(Excerpts from a dataset)
__________
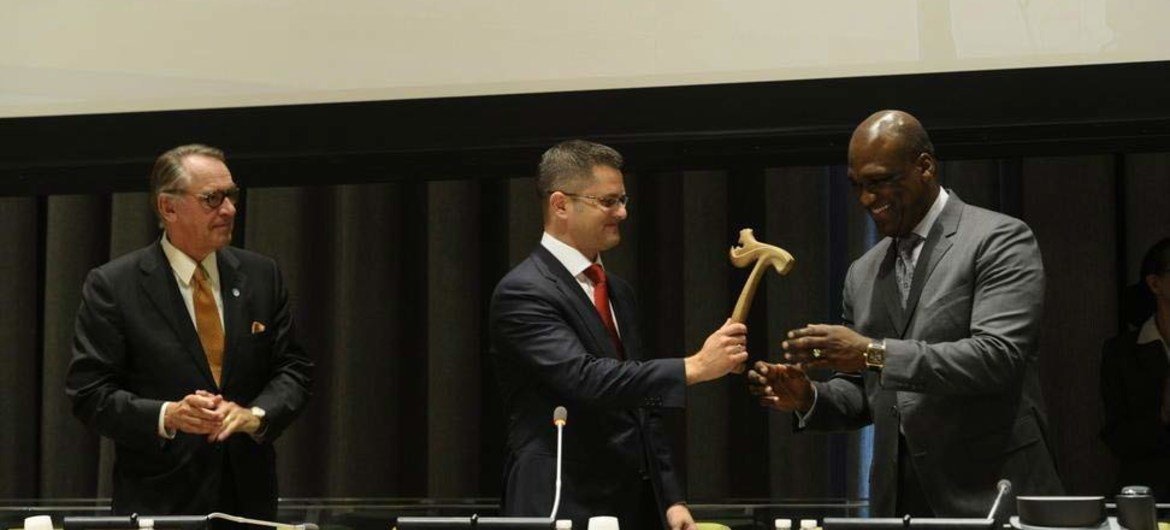 Le Président sortant de l'Assemblée générale des Nations Unies, Vuk Jeremic, passe le marteau au Président de la 68ème session, John Ashe d'Antigua et Barbade.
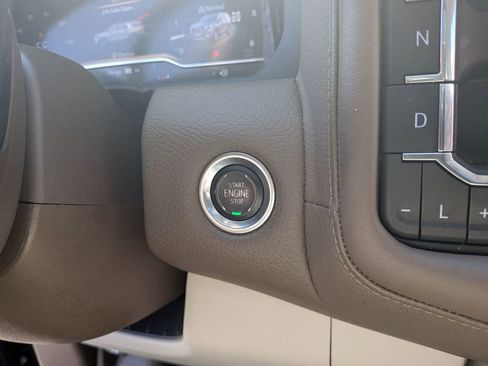 Certified 2023 GMC Yukon XL Denali AWD/4WD image 19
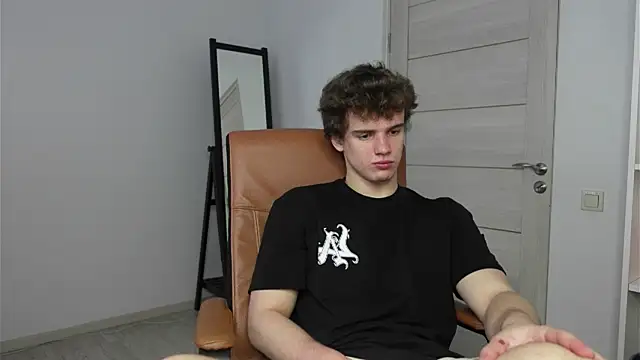 Snapshot of Ricky_Becko chatting on 10-08-25, 02:36 Ricky Becko online show from 10-08-25, 02:36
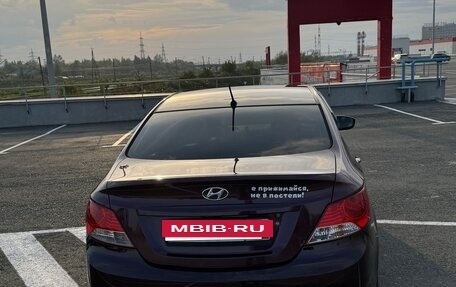 Hyundai Solaris II рестайлинг, 2011 год, 590 000 рублей, 5 фотография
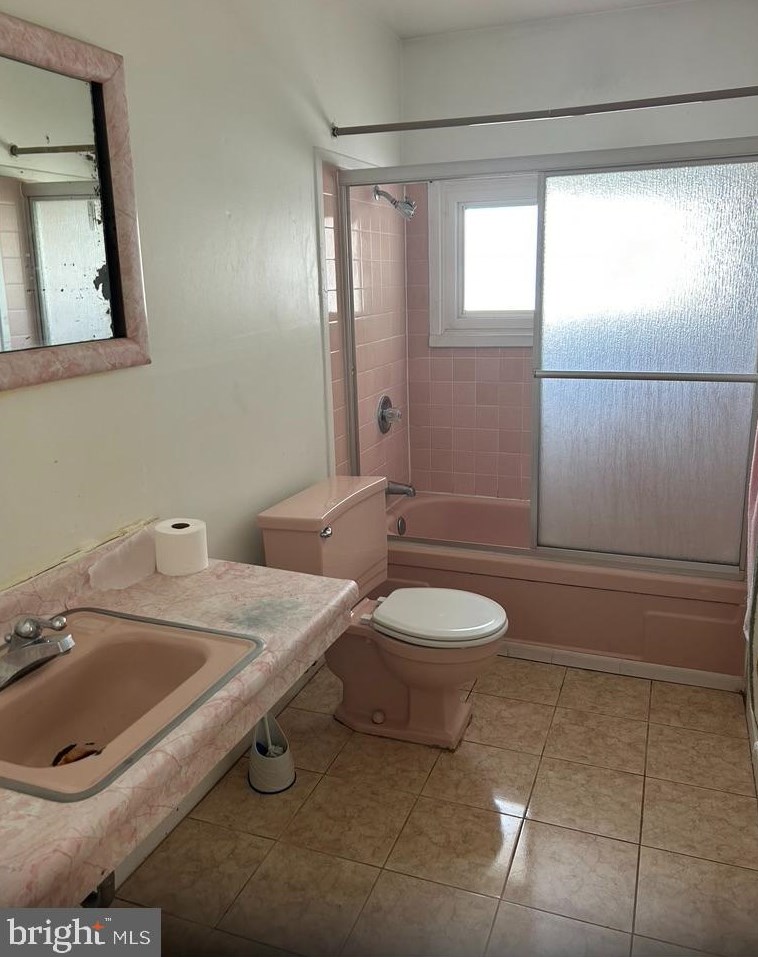 205 Pageant Ln, Willingboro NJ  08046-2723 exterior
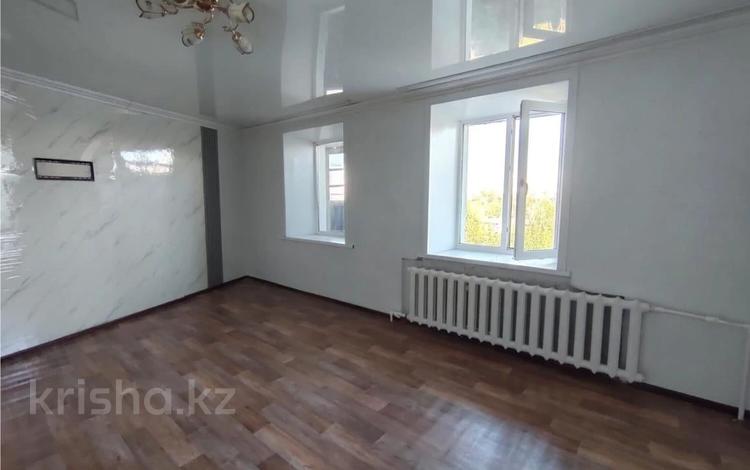 2-комнатная квартира · 54.7 м² · 9/9 этаж, мкр Юго-Восток, Мкр Юго-Восток пр. Шахтеров — Католический костел за 16 млн ₸ в Караганде, Казыбек би р-н — фото 2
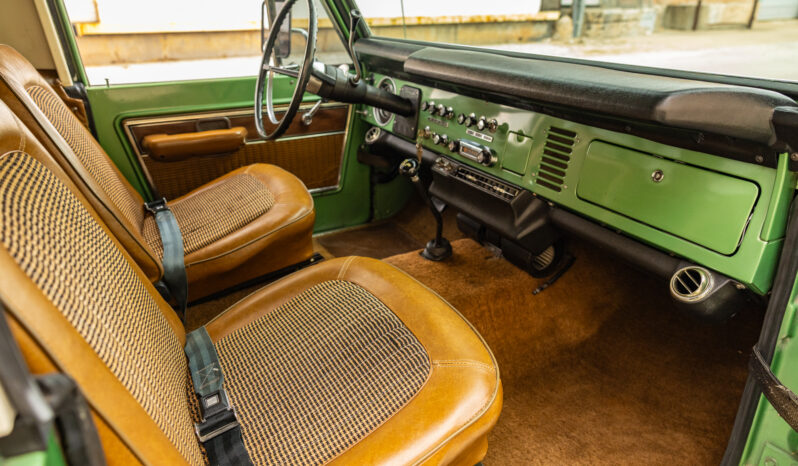 								1973 Ford Bronco Ranger 302 full									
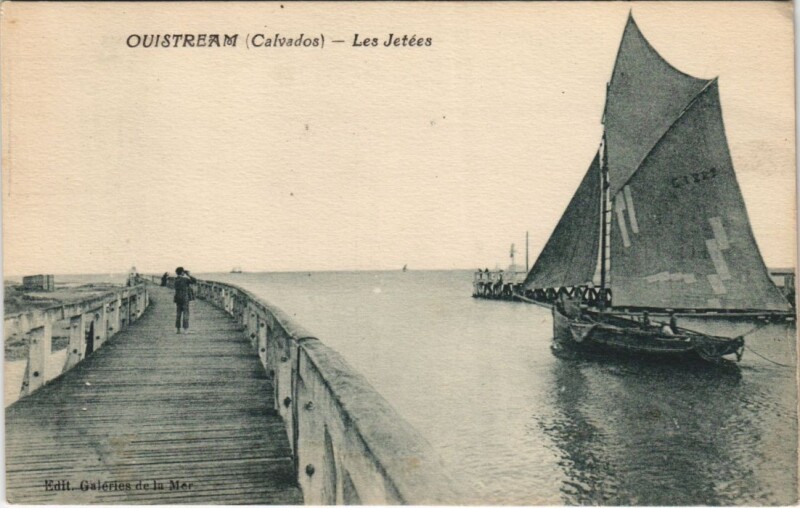 Carte postale ancienne Ouistreham Les Jetees à Ouistreham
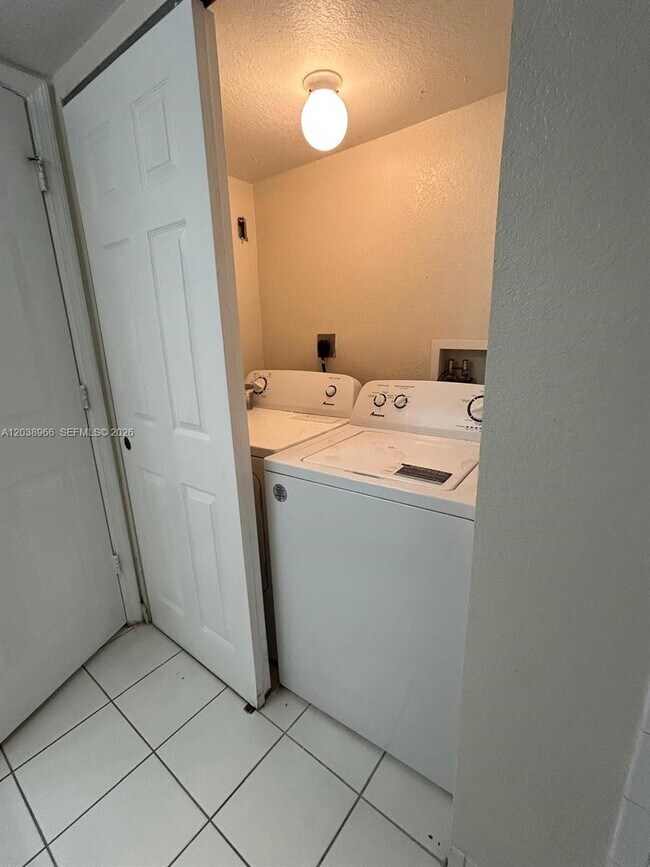 Building Photo - 15460 SW 284th St
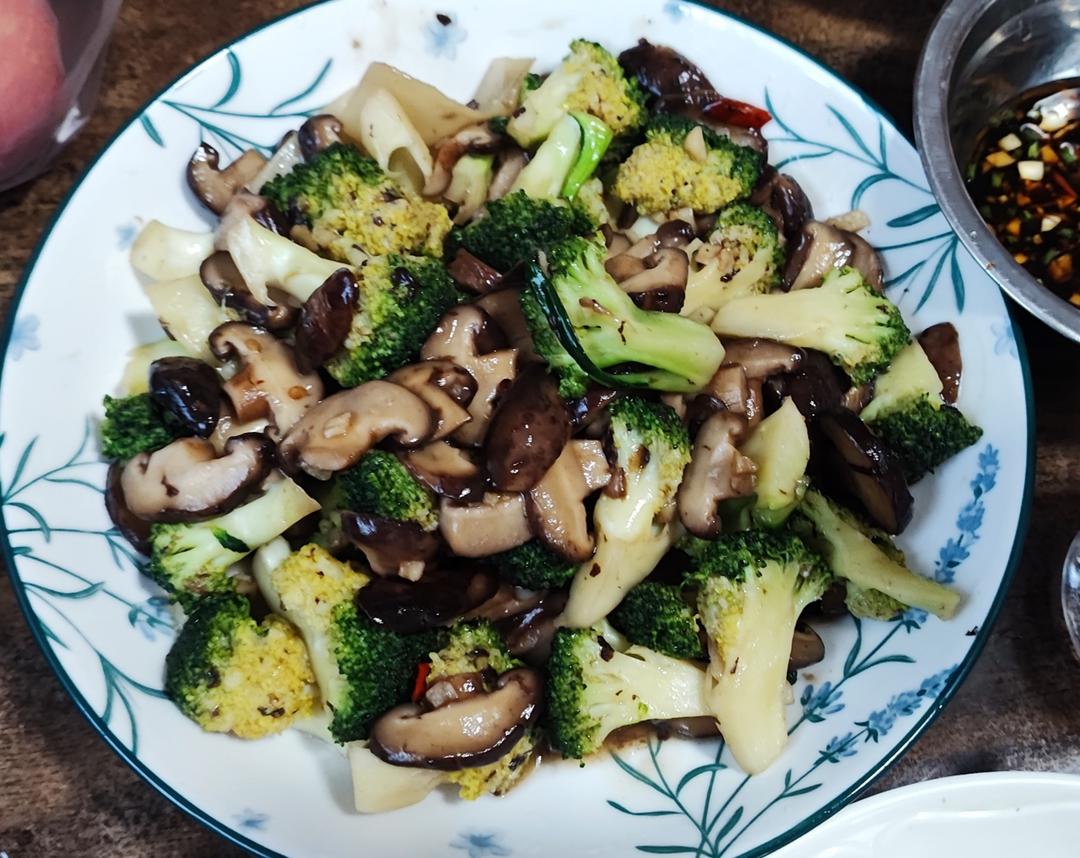 低脂好吃的西兰花炒香菇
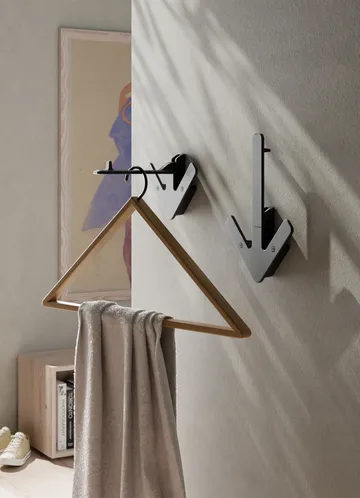 Arrow hanger - black - Design House Stockholm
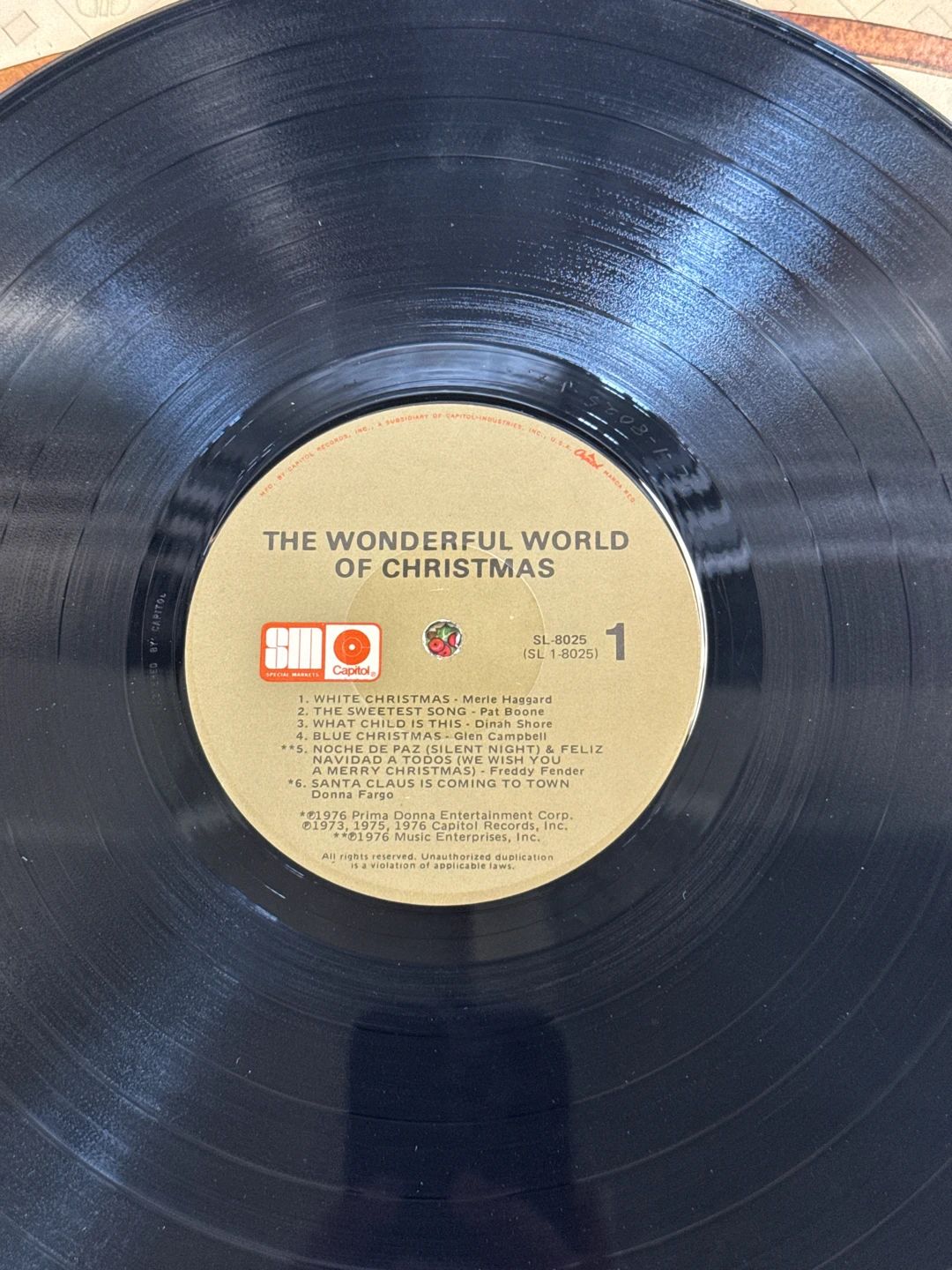 Various – The Wonderful World Of Christmas Album Two (1976, EMI-Capitol Special Markets)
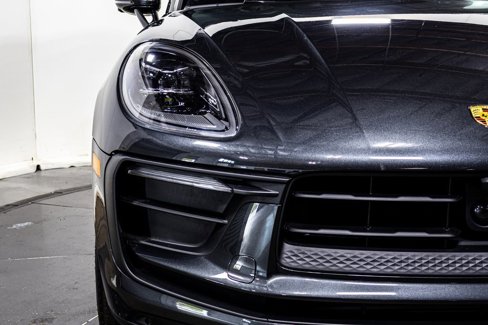 Used 2024 Porsche Macan image 12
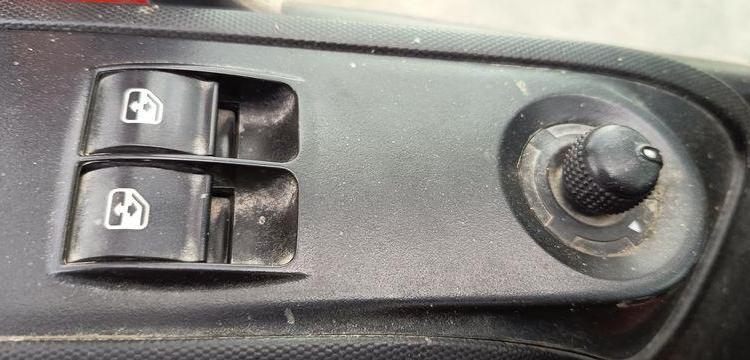 IVECO DAILY 35C12 BENNE AVEC COFFRE ACIER DIESEL – 170180 KMS – ANNEE 2018 ROUGE EW-714-HP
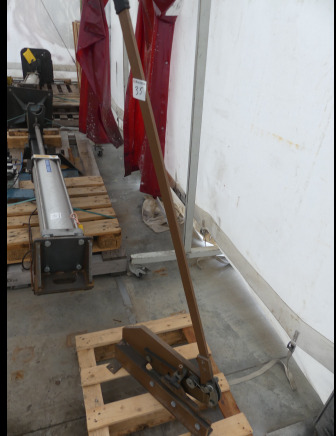 Cisaille à quincaillerie - Makinë për përpunimin e metalit: foto 4 Cisaille à quincaillerie - Makinë për përpunimin e metalit: foto 4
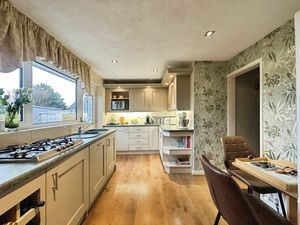 Kitchen- click for photo gallery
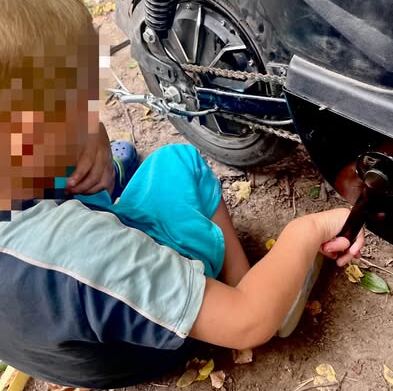 Грався з електроскутером і застряг: на Вінниччині надзвичайники поспішили на допомогу дитині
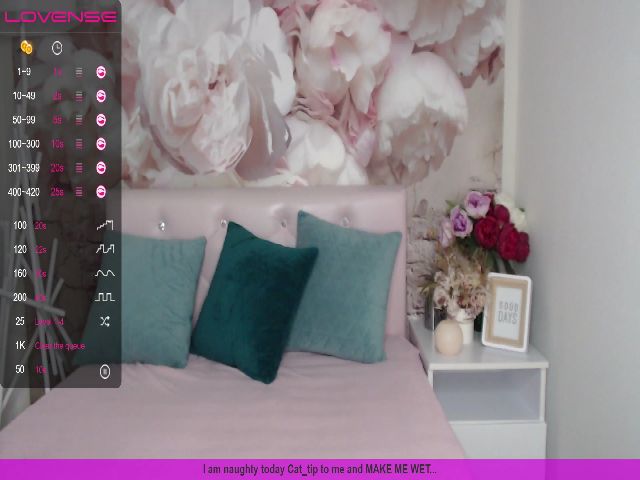 Live sex webcam photo for AliCooper_ #257057161
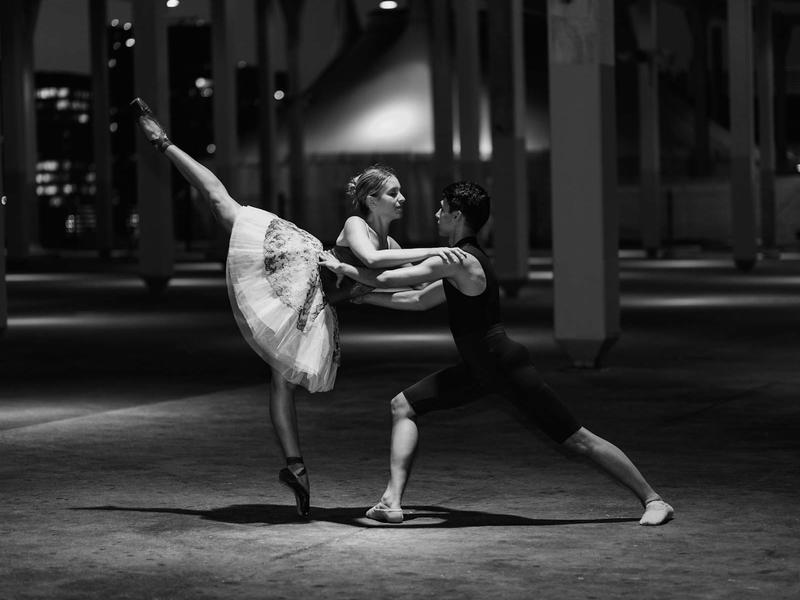 2 ballet dancers, the woman on pointed toe, black and white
__________
Would you restate word for word only the lines from the line with "Live sex webcam" to the last line above, with the pictures left out?

 Live sex webcam photo for AliCooper_ #257057161
 2 ballet dancers, the woman on pointed toe, black and white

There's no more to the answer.